As violent video games attract increasing amounts of negative attention for supposedly making kids more aggressive, a group of researchers at Stanford University wonders the opposite: will people become more empathetic when they act like a virtual superhero?

Lead researcher Jeremy Bailenson, associate professor of communication, joined author Robin Rosenberg, a clinical psychologist, and Stanford communication student Shawnee Baughman in the study. The team tested people's real-life empathy after priming them with a virtual reality test wherein they either mimicked Superman or rode in a helicopter.

Finding The Superpower

The goal in selecting Superman's ability to fly came after much deliberation in how to accurately represent empathy in a superpower.

"We thought about giving them X-ray vision, but that was a little creepy," said Bailenson, director of the Virtual Human Interaction Laboratory (VIHL), where the study took place. "We considered the ability to breathe underwater, but that didn't seem like much of a superpower. In the end, flying like Superman easily registered, and it best leveraged the unique capabilities of the lab."

The study comprised 60 people, split evenly among each gender. Each participant put on a pair of goggles and entered a simulator that gave them specific instructions about their mission: A diabetic child needed insulin, and only they could deliver it. The variation came in how each person delivered the insulin, which the researchers rigged to happen within two minutes regardless of the transport method.

People either shot their arms out ahead of them, to the sound of wind rushing past them via wall-mounted speakers, or they rode as a passenger in a helicopter. After the mission, each subject sat in for an interview about the experience.

Empathy Or Indifference?

What they didn't know, however, was that the interview was a red herring — the only relevant data came when the interviewer "accidentally" knocked over a jar of pens on her desk. She waited five seconds to see if the subject reacted, then picked up one pen each second to give the subjects time to help.

Now that the subjects had just saved a child, either passively or actively, the researchers wondered how likely they were to help the interviewer pick up the pens.

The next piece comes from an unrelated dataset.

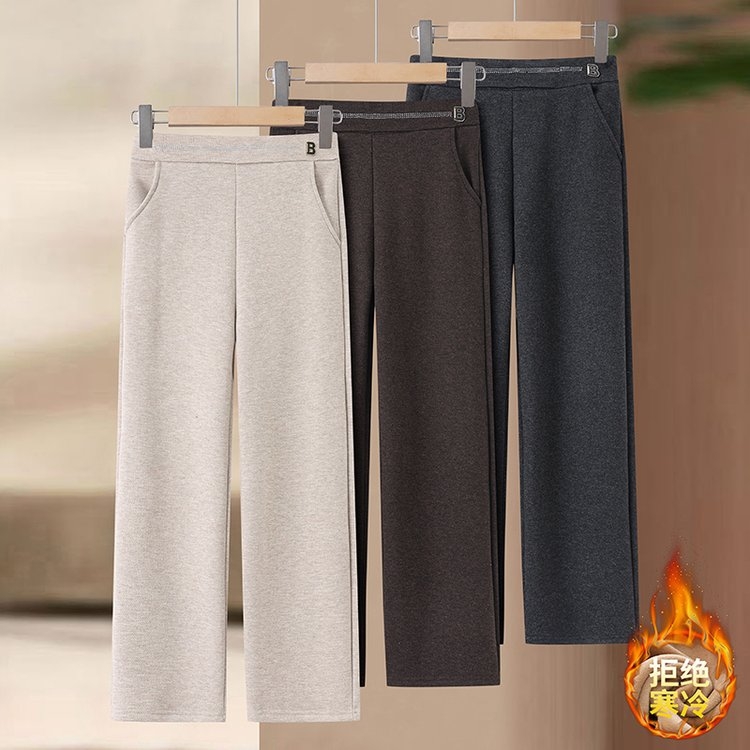 中老年妈妈新中式加绒加厚裤子冬季国风保暖女款长裤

As they had expected, the Superman group swooped in to help much faster and far more often than the helicopter group. They pitched in first and helped 15 percent more than their cohorts, with each person in the group helping at some point, despite six members of the helicopter group never offering help at all.

The Superman group offered a hand an average of three seconds after the interviewer dropped the pens; meanwhile, the helicopter group waited six seconds on average, or a full second after the interviewer waited for a reaction.

"The data show that heroic behavior in a virtual environment can transfer to altruistic behavior in the real world," Bailenson said. "The significance of being able to fly like Superman, however, isn't totally clear."

Causation, of course, is difficult to pin down in such matters. The researchers have plans to control for other variables, such as letting the helicopter group control their flight, or giving the Superman group prescribed directions. Such findings, they argued, would help contribute to explaining what motivates people to be more altruistic after simple virtual tests.

"It's very clear that if you design games that are violent, peoples' aggressive behavior increases," Bailenson said. "If we can identify the mechanism that encourages empathy, then perhaps we can design technology and video games that people will enjoy and that will successfully promote altruistic behavior in the real world."